■ **Exercise details**: Only one stretch of the data below is needed: the line with "Pink Blue Matisse" through the last line. Output it exactly and drop the pictures.

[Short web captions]
--- START ---
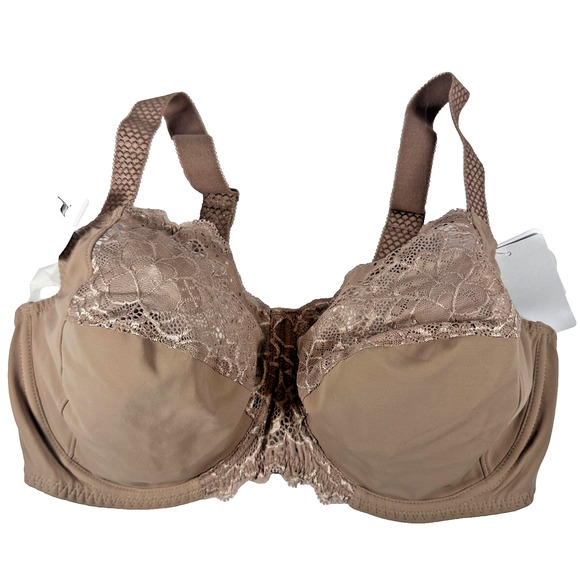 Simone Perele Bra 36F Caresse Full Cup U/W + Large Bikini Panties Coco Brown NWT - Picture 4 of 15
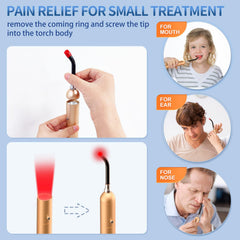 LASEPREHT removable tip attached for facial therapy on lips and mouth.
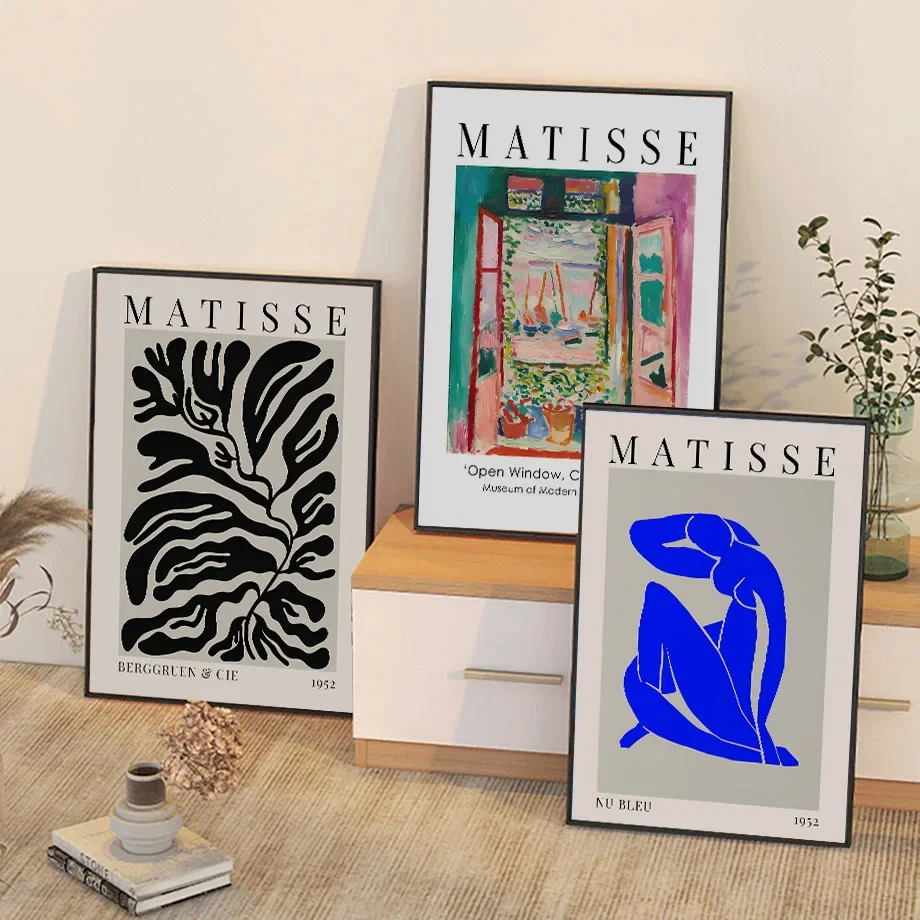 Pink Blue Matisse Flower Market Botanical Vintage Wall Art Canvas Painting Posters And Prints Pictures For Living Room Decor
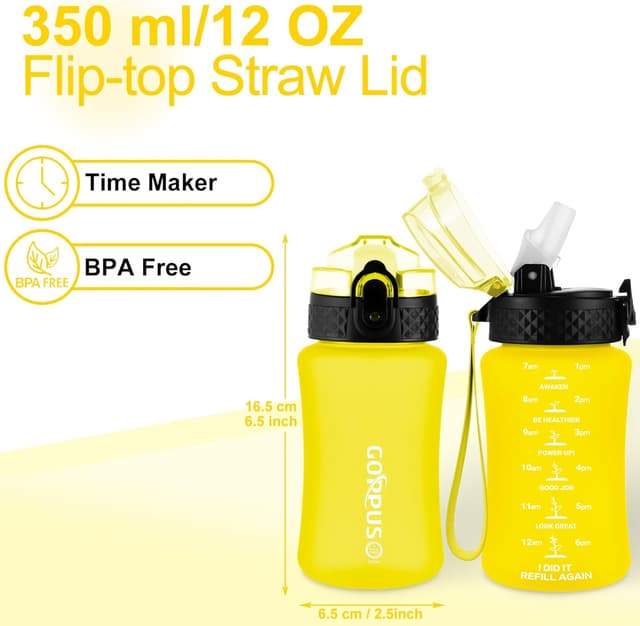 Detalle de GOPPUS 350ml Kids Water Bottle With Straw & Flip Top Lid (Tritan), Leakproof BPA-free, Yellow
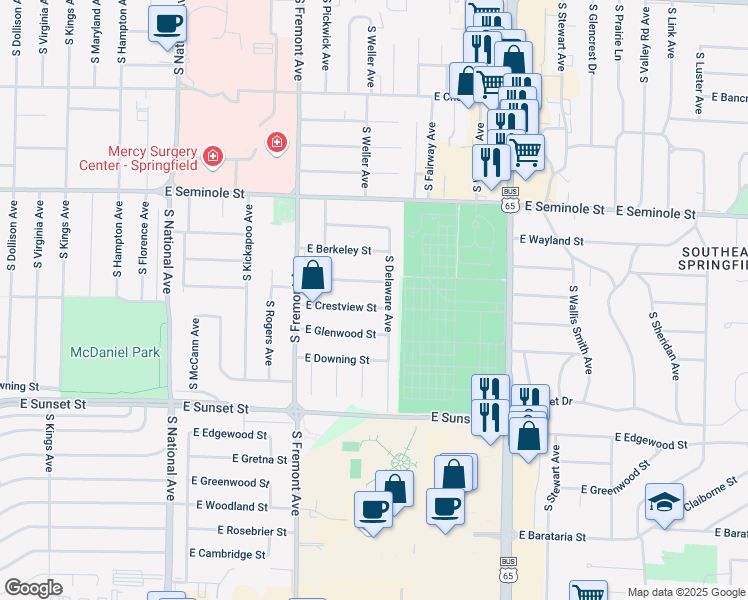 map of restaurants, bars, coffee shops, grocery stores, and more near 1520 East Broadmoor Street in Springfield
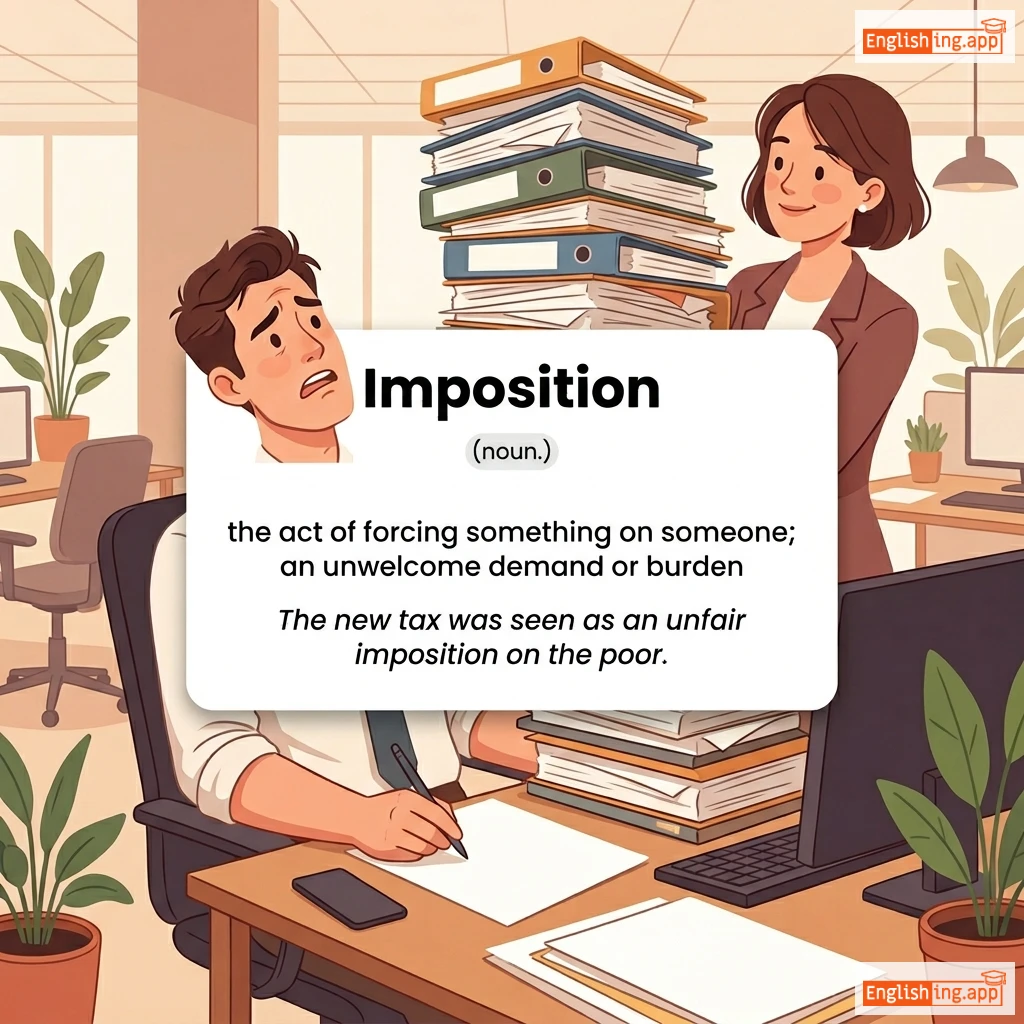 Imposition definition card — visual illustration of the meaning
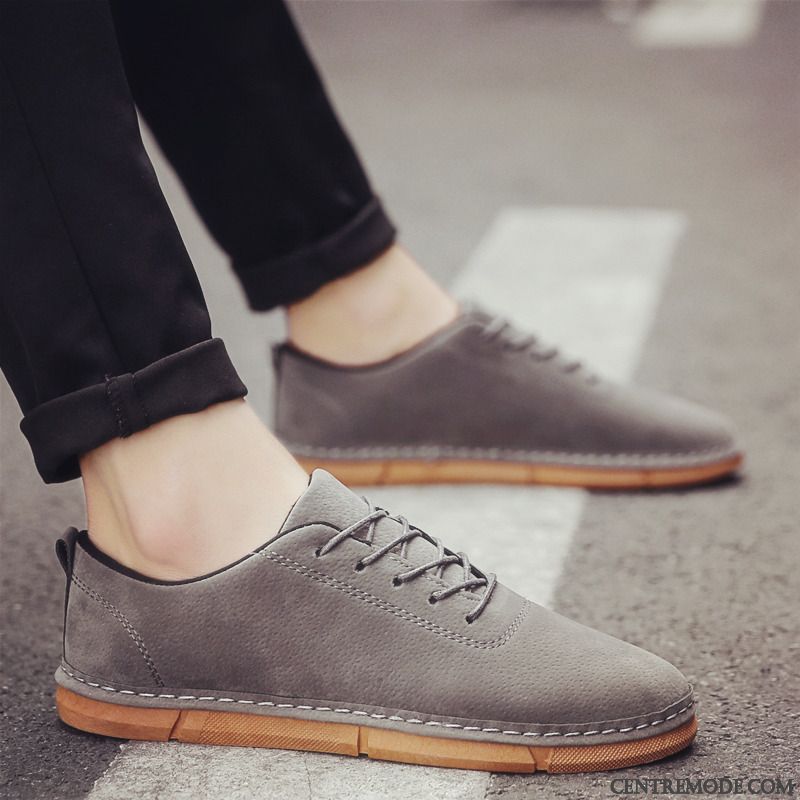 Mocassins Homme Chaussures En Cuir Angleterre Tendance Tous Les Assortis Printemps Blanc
--- END ---
■ **Task answer**:
 Pink Blue Matisse Flower Market Botanical Vintage Wall Art Canvas Painting Posters And Prints Pictures For Living Room Decor
 Detalle de GOPPUS 350ml Kids Water Bottle With Straw & Flip Top Lid (Tritan), Leakproof BPA-free, Yellow
 map of restaurants, bars, coffee shops, grocery stores, and more near 1520 East Broadmoor Street in Springfield
 Imposition definition card — visual illustration of the meaning
 Mocassins Homme Chaussures En Cuir Angleterre Tendance Tous Les Assortis Printemps Blanc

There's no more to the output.